Don’t Just Invest in Crypto Out of FOMO, Here’s What You Need to Know!

Cryptocurrencies are a type of digital currency underpinned by blockchain architecture. The first cryptocurrency “Bitcoin” emerged in 2009, however, was widely overlooked. Today, it is one of the most popular investments in the market.  Every day, a new hype about cryptocurrency flashes on the news channels, with new projects and trillions of dollars being invested and rolled out daily. 

While crypto investors lose out a lot of money on scams like TerraUSD stablecoin, Squid Game tokens, etc, is it wise to invest your hard-earned money in crypto? The volatile nature of cryptocurrencies has made millions overnight for investors but has also made huge losses and drowned their investments underwater as well. The trick lies in how you plan to make your investment, and distribute your investments across assets.

If you are a beginner in trading, it is important to conduct thorough market research before betting your money on a particular asset. Often people invest their money simply out of FOMO (Fear of missing out). Crypto is a nerve-wracking industry and requires a lot of considerations before rolling your money. If you are new to the market, here is everything you need to know about investing in cryptocurrencies. 

Table of Contents

What are the types of Cryptocurrencies that you can invest in? 
What is Crypto Trading?
What are the Crypto Trading Strategies that You Can Implement to Stay in the Game?
What are the Advantages of Crypto Trading?
Do You Need a Crypto Broker for Trading?
Is Crypto Trading Precarious? 

What are the types of Cryptocurrencies that you can invest in?

There are four different types of cryptocurrencies that users can invest in. These are:

1. Equity Tokens

The asset represents the equity of a property or the stock of a company with the terms stored in the underlying blockchain network. These tokens are similar to the conventional stocks with a basic difference in their registration on blockchain and the certificate or database available in traditional stocks. The blockchain also provides voting rights with the tokens.

For example, PayPal, and Tesla are two companies that can be invested in as tokenized stocks via blockchain technology. 

2. Utility Tokens

To raise money for new projects, utility tokens are generally used. These tokens have specific purposes such as raising capital or providing access to new assets, and products. However, these tokens do not provide ownership. 

For example, GNT (Golem) provides users to rent computing power systems, while BAT (Basic Attention Token) is used as a payment system. 

3. Intrinsic Tokens

Intrinsic tokens are also known as “built-in” or “native” tokens which are virtual currencies, that consist of intrinsic value depending on the macroeconomic conditions. These tokens do not represent any asset.
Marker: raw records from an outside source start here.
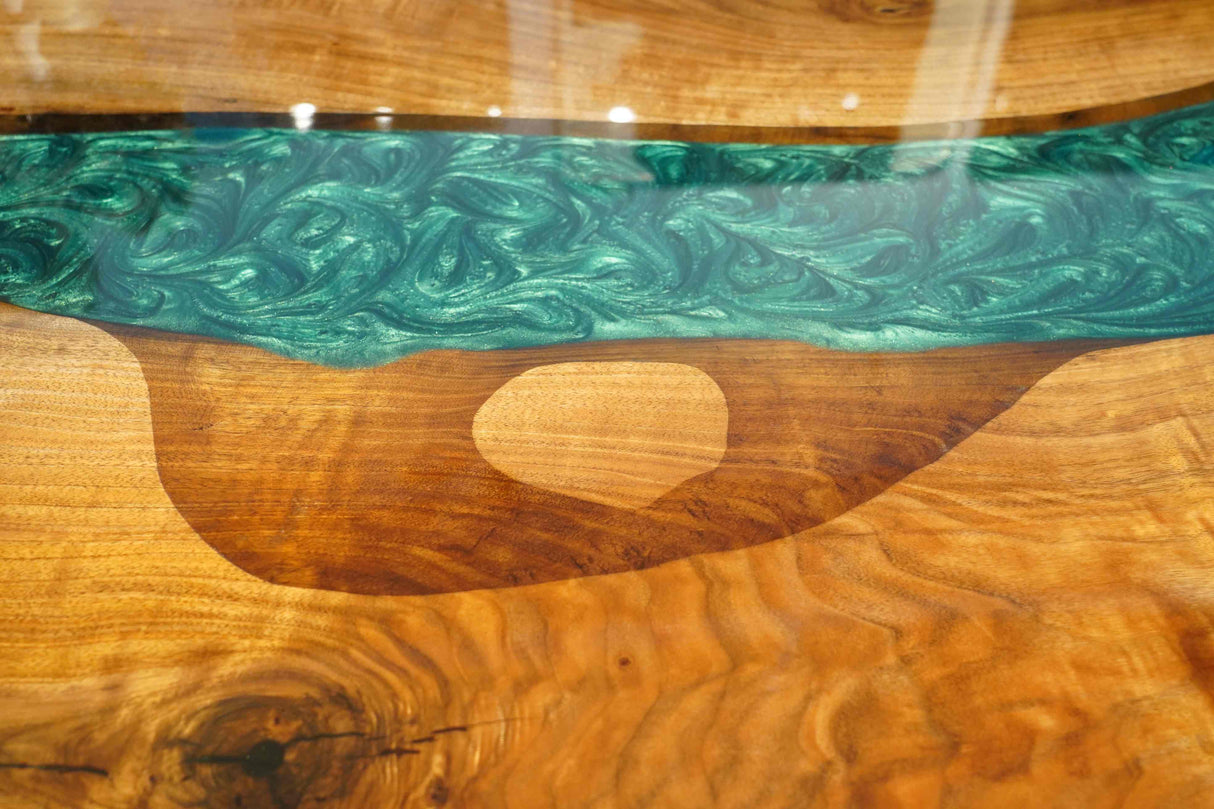 In-Stock Black Walnut Live Edge Green Epoxy Resin Dining Table 40" × 80"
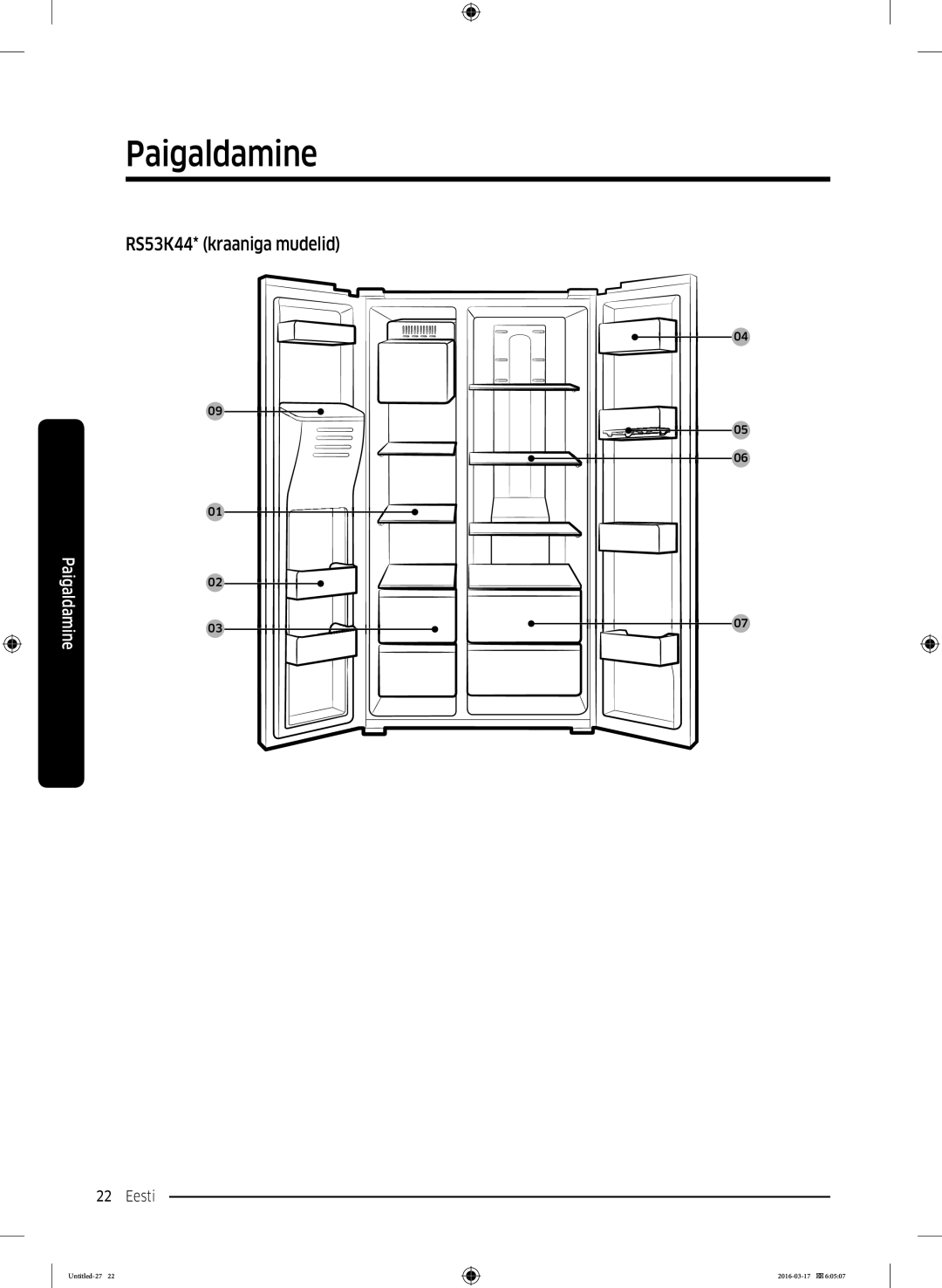 Samsung RS53K4400SA/EF manual RS53K44* kraaniga mudelid 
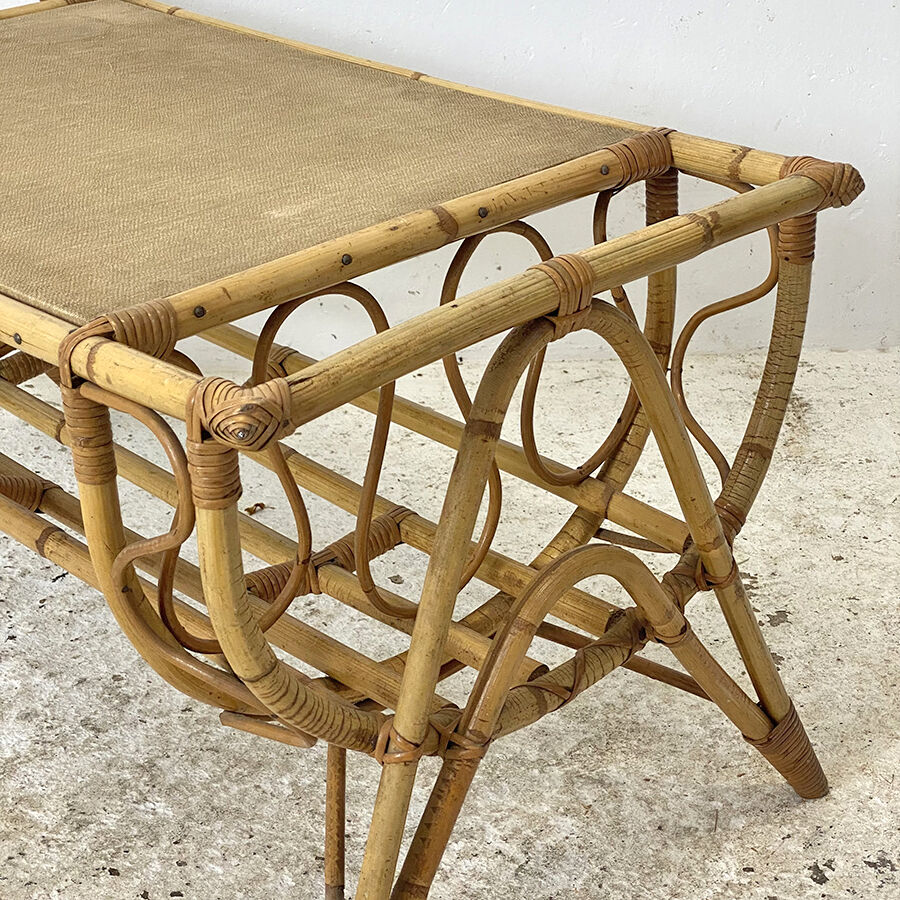 Vintage rattan coffee table 60's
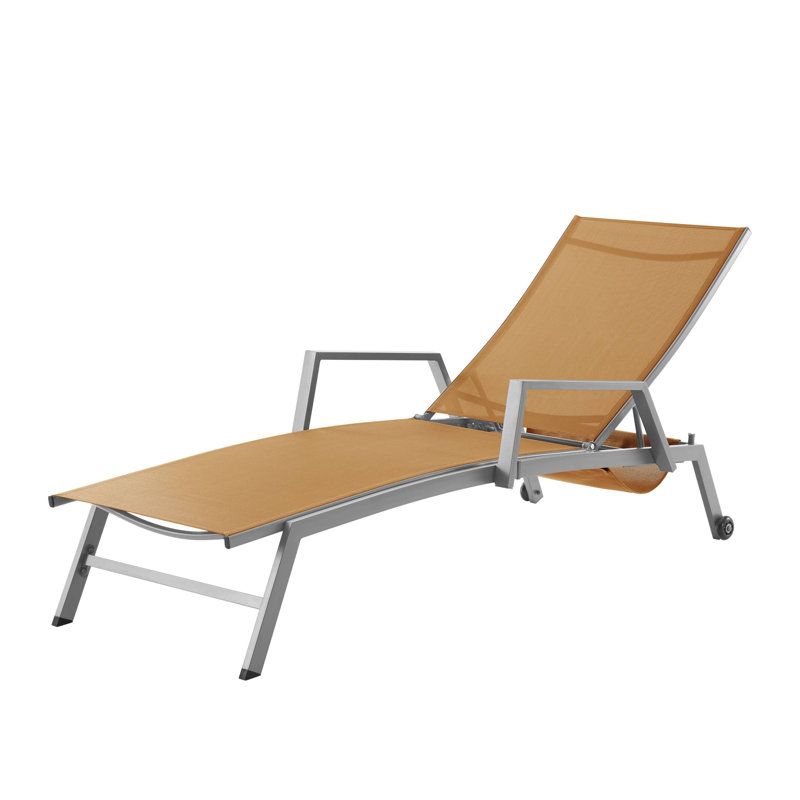 Chaise longue inclinable en métal Cand, gris, Orangé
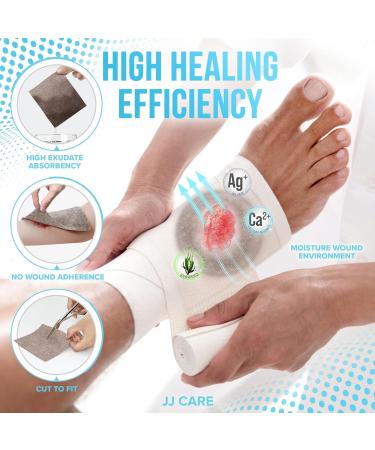 JJ CARE Silver Calcium Alginate Wound Dressing 4x5 - Pack of 20 | Highly Absorbent Silver Wound Dressing - Buy Online on GoSupps.com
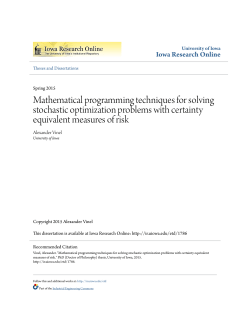 Mathematical programming techniques for solving stochastic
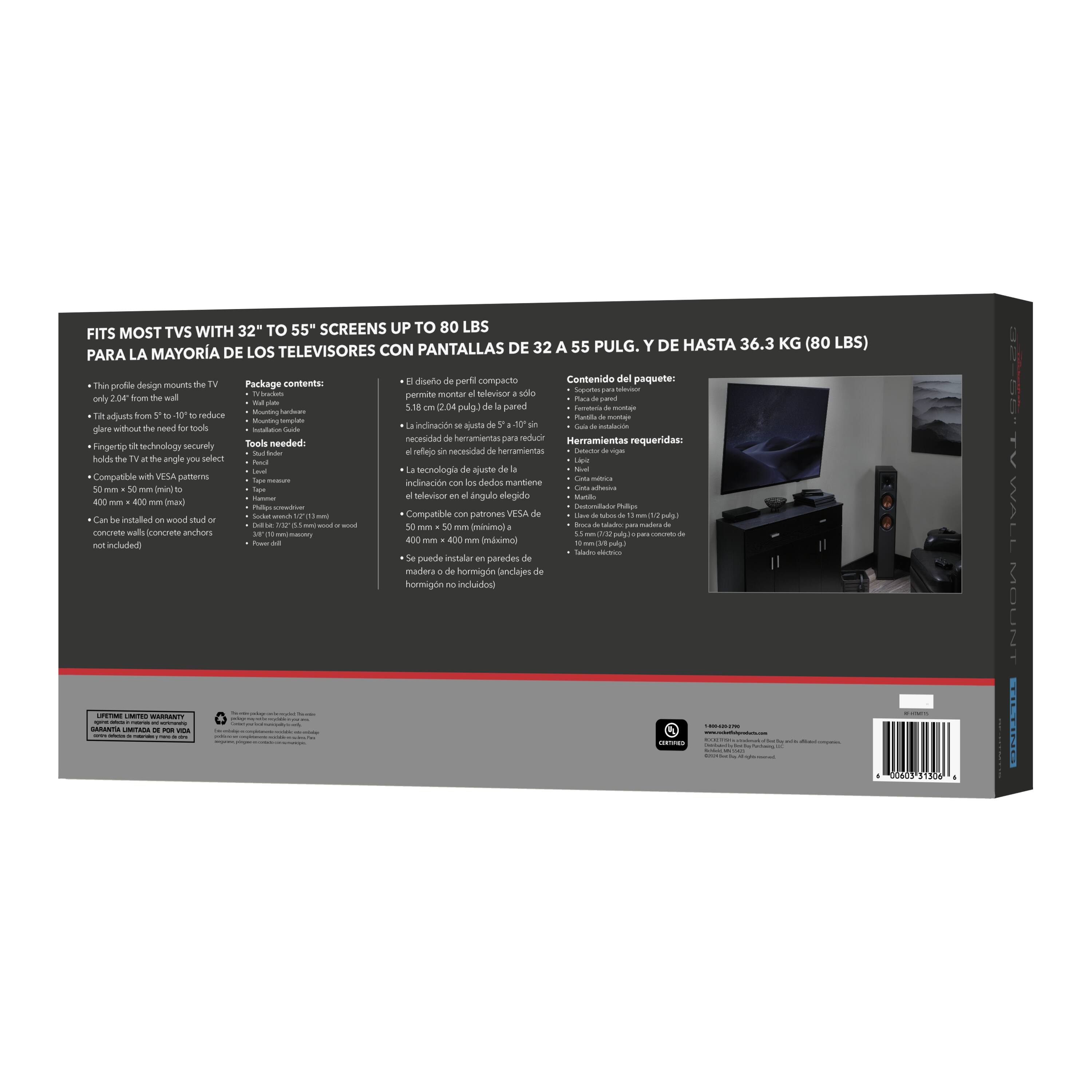 The box contains a mounting system for televisions with screen sizes ranging from 32" to 55" and weights up to 80 lbs. The package includes all the necessary tools and instructions for a secure installation. The mounting system is compatible with VESA patterns and can be installed on walls or concrete surfaces. The product is designed with a slim profile, allowing it to be mounted only 2.04 inches away from the wall. The package also contains a single-piece mount that reduces the need for additional tools and makes installation easy.
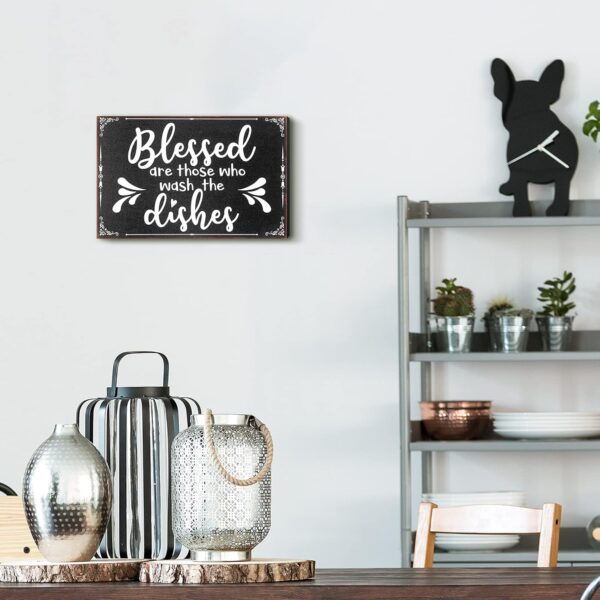 Jetec Wooden Farmhouse Kitchen Decor Black And White Modern Kitchen Wall Decoration Rustic Decorative Funny Tray Art For Shelf Home Cabinets Coffee Counter - Image 5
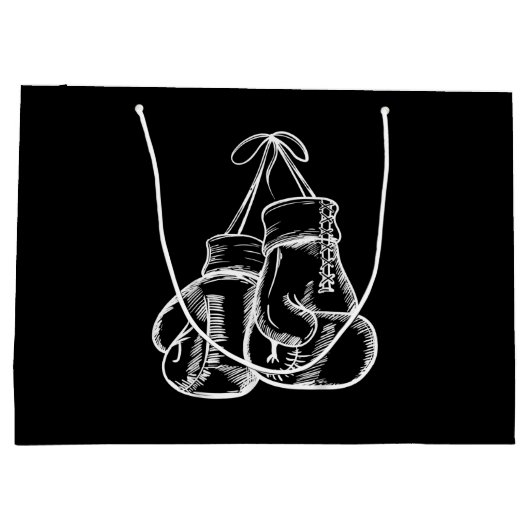 Retro Liebe White Boxing Gloves Geschenke Boxer Ge Große Geschenktüte (Rückseite)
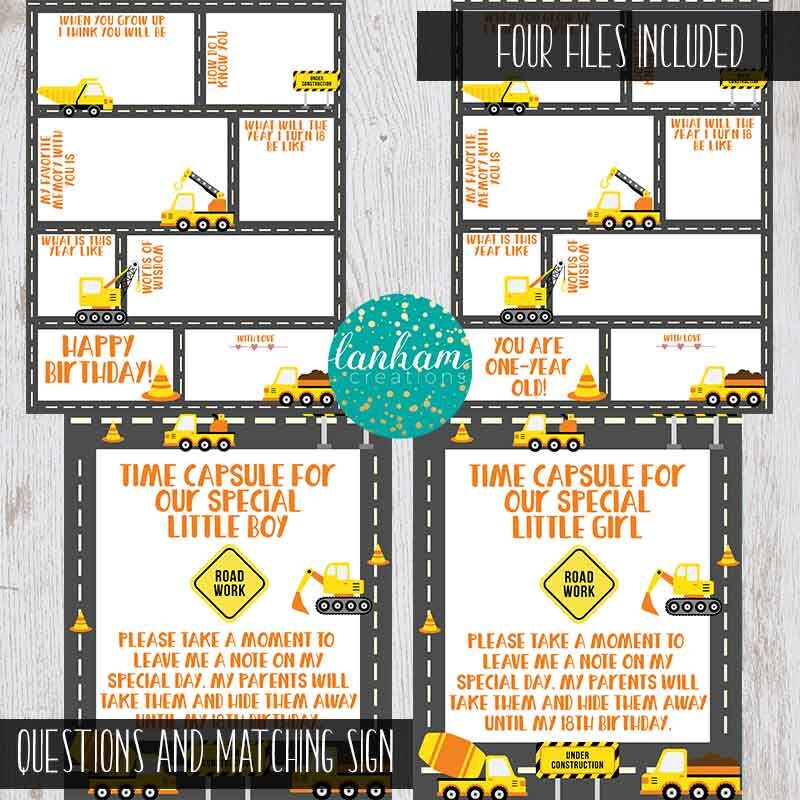 First Birthday Time Capsule - Time Capsule Printable - Construction ...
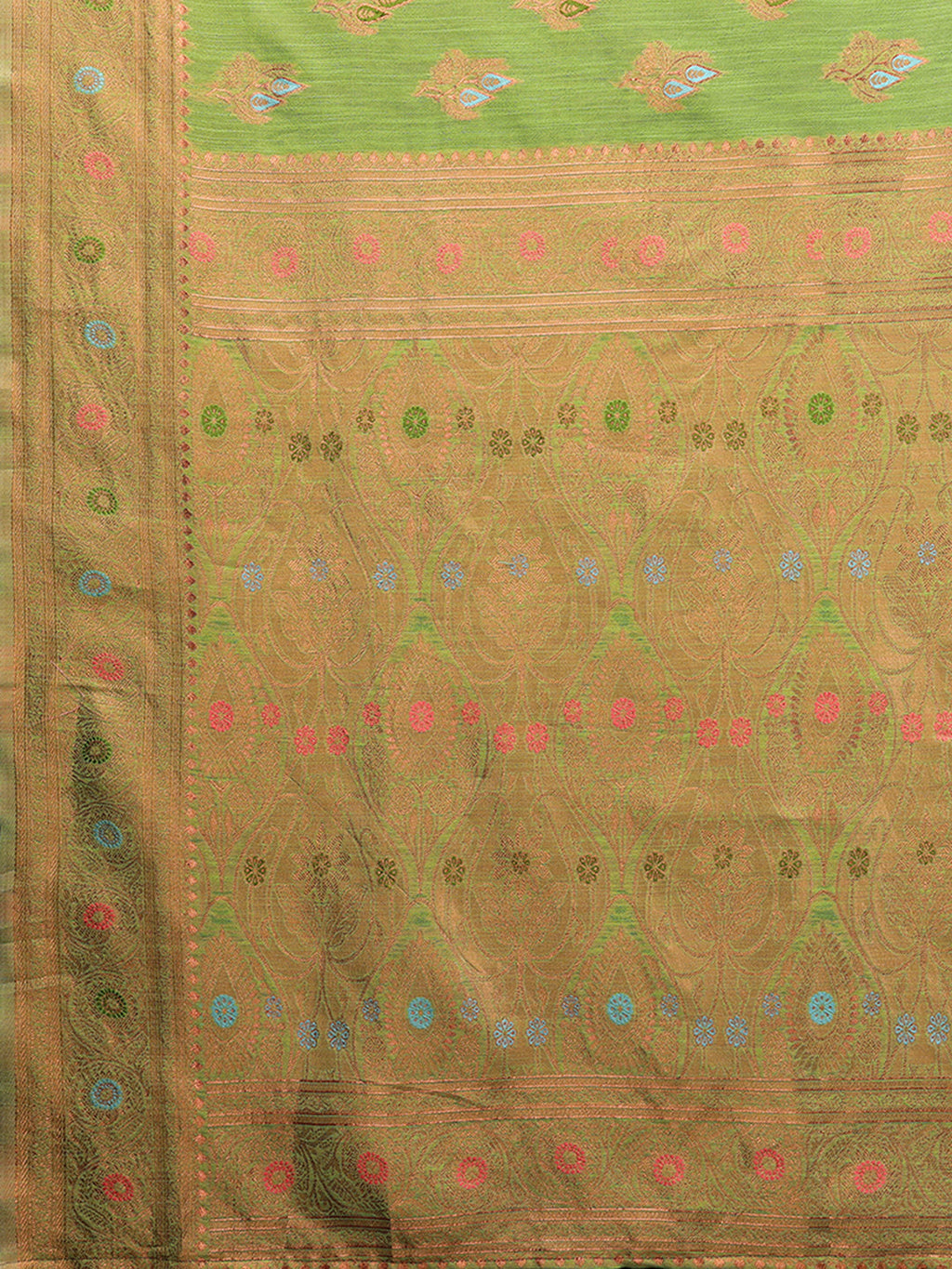 Janasya Green Cotton Linen Ethnic Print Kanjivaram Saree - Distacart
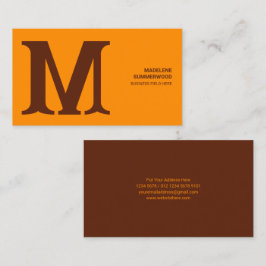 Modern och djärv monogram i Orange och brun Visitkort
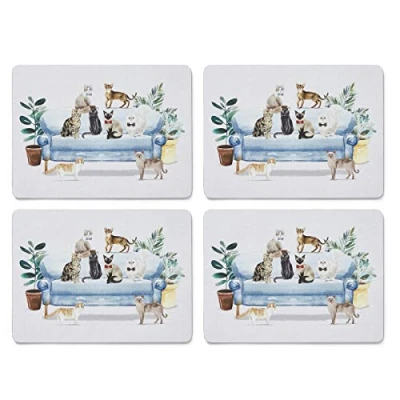 Image of Cooksmart Pack Of 4 Table Place Mats For With British Designs All Types Kitchens Curious Cats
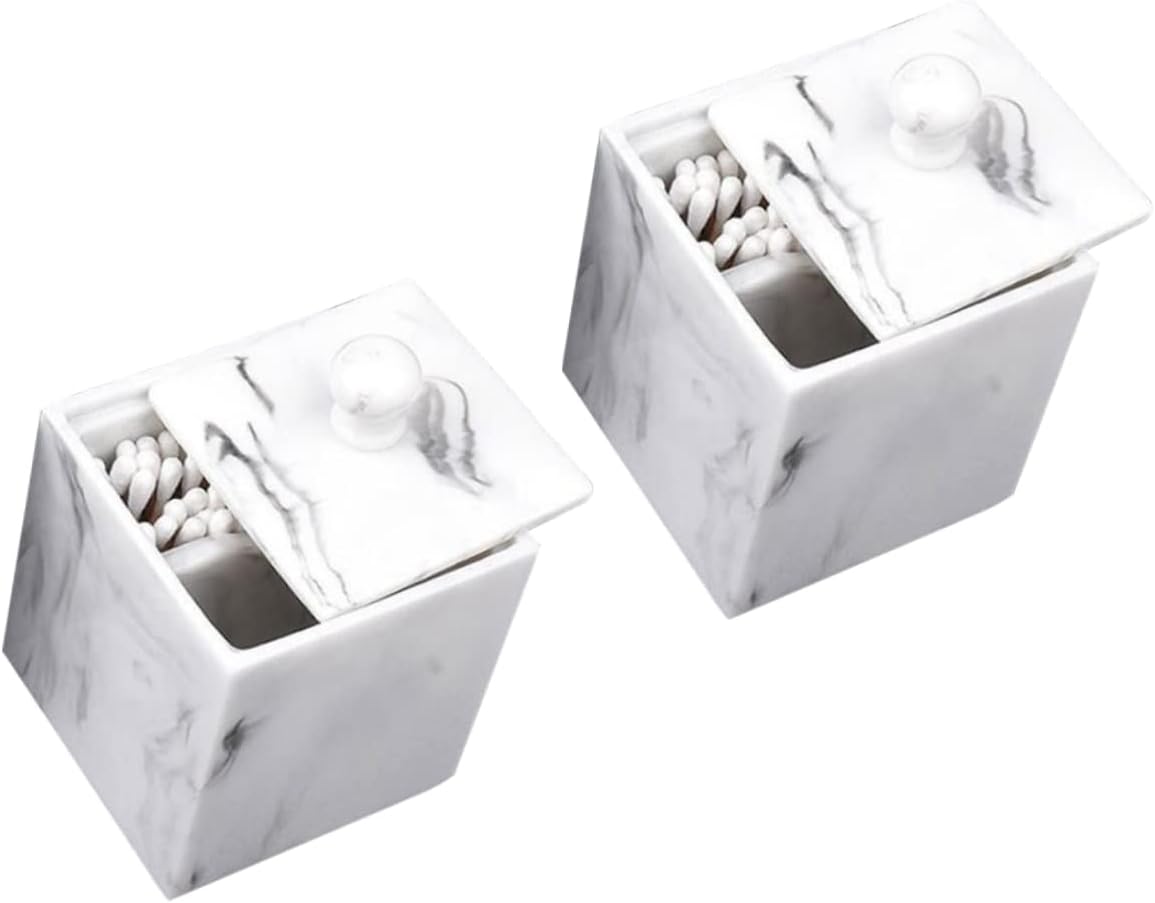 2pcs Marble Cotton Swabs Holder and Makeup Cotton Pads Organizer Double Grids Resin Storage Box for Bathroom Dresser and Office Lid White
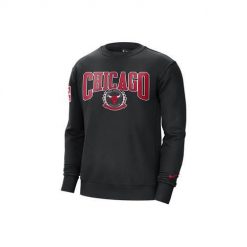 Bluza sportowa męska Nike Nba Chicago Bulls Fleece Courtside. Czarne bluzy bez kaptura Nike, m, bez wzorów, bez kaptura. Za 458.00 zł.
For example, ETH or Ethereum, BTC, or bitcoin are two widely popular intrinsic coins. 

4. Tokens Backed by Assets

Asset-backed tokens are simply the virtual form of IOUs. these tokens are usually underpinned by assets such as paper money, gold, gemstones, or art. Any user investing in the asset-backed tokens can claim the underlying assets to the issuer of the tokens. 

For example, Any real asset can be tokenized such as crude oil, gold, etc.

Also Read: Does The Ethereum Merge Mark a Big Bang in The Crypto Universe?

What is Crypto Trading? 

In the past few years, the inclusion of cryptocurrencies in financial investment portfolios has intensified. One of the pure digital assets that the asset managers of financial institutions must include is cryptocurrencies. Although the trading is similar to conventional trading, the natures of the two are distinctly different. The activity that includes buying and selling cryptocurrencies is known as “Crypto Trading”. 

The aim to trade cryptos is to raise profits and looking at the history of market capitalization, crypto is an industry of quick growth and downfall. For example, the trading of cryptocurrency contract of differences also known as CFD is a contract between the seller and the buyer that determines when the position is closed, the buyer will pay the seller the difference amount in exchange for the token. This is known as cryptocurrency trading or exchange. 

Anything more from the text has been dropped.